Work instructions.
Word for word, restate the lines of the data from the first through the one containing "Havaianas | Slim", and nothing else.

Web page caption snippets
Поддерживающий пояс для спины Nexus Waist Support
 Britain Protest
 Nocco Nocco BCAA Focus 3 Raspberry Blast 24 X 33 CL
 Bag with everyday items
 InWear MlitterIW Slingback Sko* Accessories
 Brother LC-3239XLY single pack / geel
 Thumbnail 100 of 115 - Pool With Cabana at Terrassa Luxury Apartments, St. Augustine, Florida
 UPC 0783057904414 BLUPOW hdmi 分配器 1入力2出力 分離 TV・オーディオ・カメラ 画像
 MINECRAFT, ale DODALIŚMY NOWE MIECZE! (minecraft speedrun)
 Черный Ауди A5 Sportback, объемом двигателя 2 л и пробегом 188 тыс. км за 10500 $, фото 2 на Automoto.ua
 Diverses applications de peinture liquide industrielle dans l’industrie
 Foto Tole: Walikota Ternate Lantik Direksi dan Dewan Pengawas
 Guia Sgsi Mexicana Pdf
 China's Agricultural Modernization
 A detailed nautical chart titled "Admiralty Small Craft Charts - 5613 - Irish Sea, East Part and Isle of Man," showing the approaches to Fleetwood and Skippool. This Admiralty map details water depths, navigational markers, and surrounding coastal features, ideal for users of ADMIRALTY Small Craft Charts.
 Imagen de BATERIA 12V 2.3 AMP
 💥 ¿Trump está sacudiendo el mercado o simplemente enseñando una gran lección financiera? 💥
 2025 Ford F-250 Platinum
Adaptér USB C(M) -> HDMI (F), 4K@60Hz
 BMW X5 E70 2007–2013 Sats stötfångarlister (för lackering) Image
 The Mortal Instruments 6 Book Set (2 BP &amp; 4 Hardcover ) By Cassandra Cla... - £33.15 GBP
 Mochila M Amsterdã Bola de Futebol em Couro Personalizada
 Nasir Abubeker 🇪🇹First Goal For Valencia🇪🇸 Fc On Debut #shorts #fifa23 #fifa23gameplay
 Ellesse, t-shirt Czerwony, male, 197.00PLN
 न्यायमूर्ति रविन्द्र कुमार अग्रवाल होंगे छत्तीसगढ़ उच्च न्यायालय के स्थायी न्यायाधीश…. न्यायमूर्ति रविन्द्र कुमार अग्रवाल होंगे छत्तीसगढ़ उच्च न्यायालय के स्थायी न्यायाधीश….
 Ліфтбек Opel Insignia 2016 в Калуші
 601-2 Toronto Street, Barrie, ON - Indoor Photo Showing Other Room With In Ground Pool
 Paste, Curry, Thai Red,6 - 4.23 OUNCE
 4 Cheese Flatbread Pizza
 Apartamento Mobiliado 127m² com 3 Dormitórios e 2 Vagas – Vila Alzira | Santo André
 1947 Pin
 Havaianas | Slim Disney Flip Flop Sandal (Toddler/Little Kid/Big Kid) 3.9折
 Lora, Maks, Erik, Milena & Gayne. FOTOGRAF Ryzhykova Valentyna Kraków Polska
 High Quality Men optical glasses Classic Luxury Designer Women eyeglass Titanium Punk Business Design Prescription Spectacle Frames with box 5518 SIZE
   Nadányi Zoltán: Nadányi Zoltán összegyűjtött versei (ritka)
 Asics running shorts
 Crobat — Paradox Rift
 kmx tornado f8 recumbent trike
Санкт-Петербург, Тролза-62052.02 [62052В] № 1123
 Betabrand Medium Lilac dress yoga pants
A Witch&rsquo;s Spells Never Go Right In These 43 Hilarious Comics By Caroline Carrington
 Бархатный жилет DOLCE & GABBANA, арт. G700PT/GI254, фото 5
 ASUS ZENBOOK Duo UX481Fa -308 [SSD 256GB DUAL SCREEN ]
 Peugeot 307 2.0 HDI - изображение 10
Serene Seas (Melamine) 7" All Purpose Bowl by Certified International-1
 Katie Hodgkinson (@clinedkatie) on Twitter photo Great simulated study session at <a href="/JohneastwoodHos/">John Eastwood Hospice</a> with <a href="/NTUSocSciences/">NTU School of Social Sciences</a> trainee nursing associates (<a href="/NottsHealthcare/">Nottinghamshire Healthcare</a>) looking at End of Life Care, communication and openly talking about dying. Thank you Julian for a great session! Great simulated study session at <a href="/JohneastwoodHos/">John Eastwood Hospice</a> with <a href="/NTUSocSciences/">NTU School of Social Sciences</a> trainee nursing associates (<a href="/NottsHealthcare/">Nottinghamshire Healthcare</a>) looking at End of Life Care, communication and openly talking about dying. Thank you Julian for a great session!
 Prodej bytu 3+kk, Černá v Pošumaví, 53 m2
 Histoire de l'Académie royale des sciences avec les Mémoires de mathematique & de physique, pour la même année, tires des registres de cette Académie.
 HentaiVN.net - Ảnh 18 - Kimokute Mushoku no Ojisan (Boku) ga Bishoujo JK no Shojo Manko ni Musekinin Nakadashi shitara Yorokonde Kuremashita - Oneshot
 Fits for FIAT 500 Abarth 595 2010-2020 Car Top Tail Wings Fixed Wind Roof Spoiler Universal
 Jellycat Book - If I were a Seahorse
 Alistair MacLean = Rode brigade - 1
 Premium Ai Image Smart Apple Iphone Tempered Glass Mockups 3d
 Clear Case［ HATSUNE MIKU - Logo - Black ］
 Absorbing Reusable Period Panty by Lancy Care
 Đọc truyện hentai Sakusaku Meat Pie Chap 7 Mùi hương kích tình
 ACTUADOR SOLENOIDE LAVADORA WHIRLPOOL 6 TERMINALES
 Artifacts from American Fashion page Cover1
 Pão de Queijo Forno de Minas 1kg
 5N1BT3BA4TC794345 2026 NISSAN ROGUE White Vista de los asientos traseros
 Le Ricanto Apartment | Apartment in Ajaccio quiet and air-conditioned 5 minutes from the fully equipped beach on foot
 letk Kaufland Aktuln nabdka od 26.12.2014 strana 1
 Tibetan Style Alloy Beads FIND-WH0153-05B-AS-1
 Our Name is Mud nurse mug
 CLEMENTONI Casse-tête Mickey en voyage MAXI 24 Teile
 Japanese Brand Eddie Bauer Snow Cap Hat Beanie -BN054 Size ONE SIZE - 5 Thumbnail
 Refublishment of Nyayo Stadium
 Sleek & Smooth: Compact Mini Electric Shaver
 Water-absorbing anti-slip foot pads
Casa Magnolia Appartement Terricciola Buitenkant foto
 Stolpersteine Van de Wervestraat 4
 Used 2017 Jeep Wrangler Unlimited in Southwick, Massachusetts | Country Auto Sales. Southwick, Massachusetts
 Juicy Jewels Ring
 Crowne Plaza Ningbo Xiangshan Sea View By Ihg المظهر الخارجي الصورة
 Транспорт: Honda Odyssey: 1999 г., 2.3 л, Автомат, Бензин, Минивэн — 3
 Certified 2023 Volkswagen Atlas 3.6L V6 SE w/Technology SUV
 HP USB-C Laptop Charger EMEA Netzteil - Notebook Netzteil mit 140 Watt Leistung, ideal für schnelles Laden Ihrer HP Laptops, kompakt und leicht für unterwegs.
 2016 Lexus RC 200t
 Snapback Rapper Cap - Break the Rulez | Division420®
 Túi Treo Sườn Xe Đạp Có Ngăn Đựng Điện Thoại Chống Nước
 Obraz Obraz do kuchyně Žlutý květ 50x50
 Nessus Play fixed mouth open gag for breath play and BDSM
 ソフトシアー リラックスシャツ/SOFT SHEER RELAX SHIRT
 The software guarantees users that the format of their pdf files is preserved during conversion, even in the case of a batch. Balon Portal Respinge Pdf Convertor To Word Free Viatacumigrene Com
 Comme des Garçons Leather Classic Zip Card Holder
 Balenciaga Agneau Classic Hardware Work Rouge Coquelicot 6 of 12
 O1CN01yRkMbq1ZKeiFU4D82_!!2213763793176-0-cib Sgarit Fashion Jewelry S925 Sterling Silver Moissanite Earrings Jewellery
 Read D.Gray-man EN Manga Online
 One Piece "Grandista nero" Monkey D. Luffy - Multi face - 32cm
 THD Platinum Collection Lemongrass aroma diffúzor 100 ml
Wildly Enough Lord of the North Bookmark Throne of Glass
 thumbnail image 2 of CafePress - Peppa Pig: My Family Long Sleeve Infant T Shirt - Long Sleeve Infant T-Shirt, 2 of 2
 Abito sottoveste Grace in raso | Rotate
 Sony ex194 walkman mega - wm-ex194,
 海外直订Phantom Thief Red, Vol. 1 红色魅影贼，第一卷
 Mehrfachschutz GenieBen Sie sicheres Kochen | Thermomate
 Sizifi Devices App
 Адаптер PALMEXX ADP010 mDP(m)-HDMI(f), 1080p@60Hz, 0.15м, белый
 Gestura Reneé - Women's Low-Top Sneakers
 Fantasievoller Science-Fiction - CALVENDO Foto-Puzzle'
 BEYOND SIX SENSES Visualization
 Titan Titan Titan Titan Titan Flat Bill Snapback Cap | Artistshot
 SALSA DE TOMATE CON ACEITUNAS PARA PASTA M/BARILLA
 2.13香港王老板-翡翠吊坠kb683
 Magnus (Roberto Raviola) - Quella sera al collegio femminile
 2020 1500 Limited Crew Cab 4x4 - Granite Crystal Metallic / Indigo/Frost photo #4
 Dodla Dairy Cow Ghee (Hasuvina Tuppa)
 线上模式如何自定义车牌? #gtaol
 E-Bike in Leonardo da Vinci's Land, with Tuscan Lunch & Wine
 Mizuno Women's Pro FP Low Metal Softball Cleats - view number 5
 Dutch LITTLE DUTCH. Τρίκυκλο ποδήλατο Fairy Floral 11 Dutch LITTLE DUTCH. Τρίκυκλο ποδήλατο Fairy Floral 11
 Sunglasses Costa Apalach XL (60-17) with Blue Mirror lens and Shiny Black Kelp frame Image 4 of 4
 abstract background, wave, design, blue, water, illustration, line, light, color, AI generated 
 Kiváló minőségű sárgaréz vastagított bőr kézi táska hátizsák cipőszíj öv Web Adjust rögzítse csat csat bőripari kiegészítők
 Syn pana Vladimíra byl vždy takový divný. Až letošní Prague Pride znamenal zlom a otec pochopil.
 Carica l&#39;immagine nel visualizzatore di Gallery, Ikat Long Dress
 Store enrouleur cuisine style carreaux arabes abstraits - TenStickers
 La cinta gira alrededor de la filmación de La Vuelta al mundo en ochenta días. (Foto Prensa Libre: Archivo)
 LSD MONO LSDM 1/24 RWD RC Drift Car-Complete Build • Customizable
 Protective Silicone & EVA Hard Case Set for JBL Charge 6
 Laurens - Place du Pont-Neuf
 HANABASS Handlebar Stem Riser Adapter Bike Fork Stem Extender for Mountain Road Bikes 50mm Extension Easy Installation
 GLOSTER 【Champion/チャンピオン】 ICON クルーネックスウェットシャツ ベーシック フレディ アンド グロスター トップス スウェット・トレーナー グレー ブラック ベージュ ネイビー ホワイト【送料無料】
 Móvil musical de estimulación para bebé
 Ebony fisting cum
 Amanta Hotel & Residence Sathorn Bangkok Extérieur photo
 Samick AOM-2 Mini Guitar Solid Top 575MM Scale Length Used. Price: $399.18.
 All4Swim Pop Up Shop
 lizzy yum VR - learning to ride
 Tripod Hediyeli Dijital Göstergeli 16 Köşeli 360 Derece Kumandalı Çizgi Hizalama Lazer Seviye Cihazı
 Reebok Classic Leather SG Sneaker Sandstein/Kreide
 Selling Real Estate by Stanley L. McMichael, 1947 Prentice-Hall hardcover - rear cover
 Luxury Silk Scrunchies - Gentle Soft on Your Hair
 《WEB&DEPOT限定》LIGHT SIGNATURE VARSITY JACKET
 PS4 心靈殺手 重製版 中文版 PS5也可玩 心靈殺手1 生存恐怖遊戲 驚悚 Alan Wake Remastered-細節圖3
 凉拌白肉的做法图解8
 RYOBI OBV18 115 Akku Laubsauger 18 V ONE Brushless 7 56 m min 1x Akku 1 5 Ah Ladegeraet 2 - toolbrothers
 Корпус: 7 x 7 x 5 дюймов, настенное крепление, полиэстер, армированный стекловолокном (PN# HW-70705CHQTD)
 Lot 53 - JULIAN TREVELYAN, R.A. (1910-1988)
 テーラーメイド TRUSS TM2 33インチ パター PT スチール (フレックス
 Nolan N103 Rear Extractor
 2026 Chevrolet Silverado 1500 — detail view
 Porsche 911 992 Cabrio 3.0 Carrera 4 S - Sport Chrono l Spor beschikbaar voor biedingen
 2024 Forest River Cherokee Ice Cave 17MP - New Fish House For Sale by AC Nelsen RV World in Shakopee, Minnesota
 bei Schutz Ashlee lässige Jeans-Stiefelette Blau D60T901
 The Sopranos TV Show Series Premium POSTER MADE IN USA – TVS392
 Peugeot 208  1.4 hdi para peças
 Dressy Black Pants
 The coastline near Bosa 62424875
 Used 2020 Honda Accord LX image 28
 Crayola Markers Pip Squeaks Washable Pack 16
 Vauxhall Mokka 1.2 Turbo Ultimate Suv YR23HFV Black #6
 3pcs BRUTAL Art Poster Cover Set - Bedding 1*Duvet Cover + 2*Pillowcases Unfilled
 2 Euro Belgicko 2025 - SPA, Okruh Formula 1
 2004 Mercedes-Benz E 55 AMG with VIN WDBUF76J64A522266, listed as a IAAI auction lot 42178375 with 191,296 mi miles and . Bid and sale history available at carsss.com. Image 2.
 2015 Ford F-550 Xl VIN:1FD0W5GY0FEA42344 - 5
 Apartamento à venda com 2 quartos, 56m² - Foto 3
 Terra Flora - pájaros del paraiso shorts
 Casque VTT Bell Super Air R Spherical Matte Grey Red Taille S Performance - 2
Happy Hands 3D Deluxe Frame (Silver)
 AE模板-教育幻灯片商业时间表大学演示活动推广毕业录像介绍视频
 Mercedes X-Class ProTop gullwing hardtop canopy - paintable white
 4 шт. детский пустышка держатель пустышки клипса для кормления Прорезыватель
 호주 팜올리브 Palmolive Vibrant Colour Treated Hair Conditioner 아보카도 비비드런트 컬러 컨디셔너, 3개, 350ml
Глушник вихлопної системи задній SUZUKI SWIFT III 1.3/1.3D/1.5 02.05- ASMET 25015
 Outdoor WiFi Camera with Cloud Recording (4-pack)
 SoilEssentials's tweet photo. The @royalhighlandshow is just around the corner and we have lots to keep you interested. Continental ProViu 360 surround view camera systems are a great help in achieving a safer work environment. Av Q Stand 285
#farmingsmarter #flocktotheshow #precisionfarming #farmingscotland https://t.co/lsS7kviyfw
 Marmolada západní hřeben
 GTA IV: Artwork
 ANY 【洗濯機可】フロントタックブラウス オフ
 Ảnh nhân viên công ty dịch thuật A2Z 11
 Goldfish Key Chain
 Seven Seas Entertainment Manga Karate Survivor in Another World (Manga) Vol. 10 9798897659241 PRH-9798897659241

Solution to the exercise.
Поддерживающий пояс для спины Nexus Waist Support
 Britain Protest
 Nocco Nocco BCAA Focus 3 Raspberry Blast 24 X 33 CL
 Bag with everyday items
 InWear MlitterIW Slingback Sko* Accessories
 Brother LC-3239XLY single pack / geel
 Thumbnail 100 of 115 - Pool With Cabana at Terrassa Luxury Apartments, St. Augustine, Florida
 UPC 0783057904414 BLUPOW hdmi 分配器 1入力2出力 分離 TV・オーディオ・カメラ 画像
 MINECRAFT, ale DODALIŚMY NOWE MIECZE! (minecraft speedrun)
 Черный Ауди A5 Sportback, объемом двигателя 2 л и пробегом 188 тыс. км за 10500 $, фото 2 на Automoto.ua
 Diverses applications de peinture liquide industrielle dans l’industrie
 Foto Tole: Walikota Ternate Lantik Direksi dan Dewan Pengawas
 Guia Sgsi Mexicana Pdf
 China's Agricultural Modernization
 A detailed nautical chart titled "Admiralty Small Craft Charts - 5613 - Irish Sea, East Part and Isle of Man," showing the approaches to Fleetwood and Skippool. This Admiralty map details water depths, navigational markers, and surrounding coastal features, ideal for users of ADMIRALTY Small Craft Charts.
 Imagen de BATERIA 12V 2.3 AMP
 💥 ¿Trump está sacudiendo el mercado o simplemente enseñando una gran lección financiera? 💥
 2025 Ford F-250 Platinum
Adaptér USB C(M) -> HDMI (F), 4K@60Hz
 BMW X5 E70 2007–2013 Sats stötfångarlister (för lackering) Image
 The Mortal Instruments 6 Book Set (2 BP &amp; 4 Hardcover ) By Cassandra Cla... - £33.15 GBP
 Mochila M Amsterdã Bola de Futebol em Couro Personalizada
 Nasir Abubeker 🇪🇹First Goal For Valencia🇪🇸 Fc On Debut #shorts #fifa23 #fifa23gameplay
 Ellesse, t-shirt Czerwony, male, 197.00PLN
 न्यायमूर्ति रविन्द्र कुमार अग्रवाल होंगे छत्तीसगढ़ उच्च न्यायालय के स्थायी न्यायाधीश…. न्यायमूर्ति रविन्द्र कुमार अग्रवाल होंगे छत्तीसगढ़ उच्च न्यायालय के स्थायी न्यायाधीश….
 Ліфтбек Opel Insignia 2016 в Калуші
 601-2 Toronto Street, Barrie, ON - Indoor Photo Showing Other Room With In Ground Pool
 Paste, Curry, Thai Red,6 - 4.23 OUNCE
 4 Cheese Flatbread Pizza
 Apartamento Mobiliado 127m² com 3 Dormitórios e 2 Vagas – Vila Alzira | Santo André
 1947 Pin
 Havaianas | Slim Disney Flip Flop Sandal (Toddler/Little Kid/Big Kid) 3.9折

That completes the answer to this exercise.